The postgresql-init and postgresql-migration jobs don’t have a wait set for the postgresql cluster to be functional. This might lead to a race condition if the postgresql cluster takes longer than expected to start. This creates Secrets and Configmaps that don't match credentials in the Postgres cluster for the init and migration jobs and leads to the invalid credential errors.

In Kubernetes, Jobs are meant to run to completion. If they fail due to an external factor (like the DB not being ready yet), they often "back off." However, if the failure is due to a specific credential secret that was updated after the job started, the job might keep retrying with the old environment variables.

Resolution

This is resolved in the first patch release of Tanzu Hub: 10.4.1

Workaround:

The following procedure can be run from an SSH to the Registry VM in the Tanzu Hub Bosh deployment.

Clear the Failed Jobs

The following command filters for all jobs in the tanzusm namespace with a status of Failed and deletes them. Since the jobs are missing but defined in the desired state, kapp-controller recreates them, this time pulling the correct, synchronized credentials.

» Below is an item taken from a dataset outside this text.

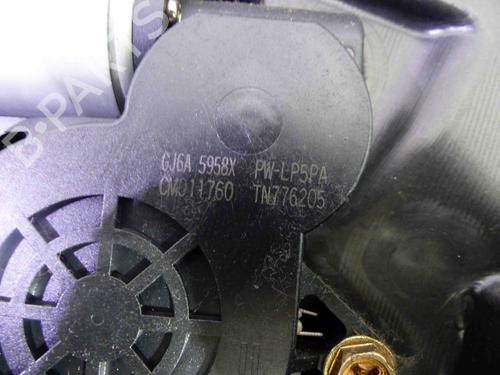 Front left window mechanism MAZDA 5 (CR) 2.0 CD (CR19) | BP38153463C22 - Image 2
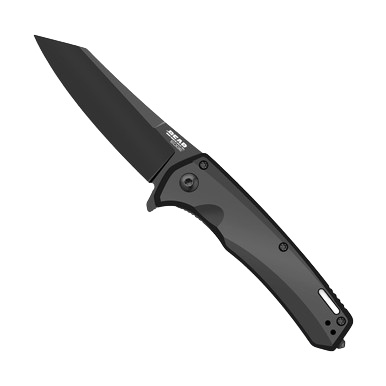 Bear & Son Sideliner 3.5in Black Reverse Tanto 440 BR61127 View 1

# kubectl get jobs -n tanzusm | grep Failed | tail -n+2 | awk '{print $1}' | xargs kubectl delete jobs -n tanzusm

Monitor for Re-creation

Once deleted, the kapp-controller will notice the discrepancy. Watch the jobs being recreated in real-time:

# kubectl get jobs -n tanzusm -w

Verify the Fix

After the new jobs appear, check the status of the postgresql-init-job. It should transition from Running to Complete. You can also verify the logs of the new pod to ensure the authentication error is gone:

- Get the name of the new init pod:
  
  # kubectl get pods -n tanzusm | grep postgresql-init
- Check the logs:
  
  # kubectl logs -n tanzusm <new-pod-name>

Cascade Recovery

As you saw in the get jobs output, several "hook-jobs" (like ensemble, inventory, and tas-ingestion) were also failing. These depend on the database being initialized. Once the postgresql-init-job succeeds, these dependent jobs should either automatically succeed on their next retry or can be deleted using the same command in the first step to force a fresh start.

Deleting the job is the cleanest way to force Kubernetes to re-read the latest Secrets and ConfigMaps.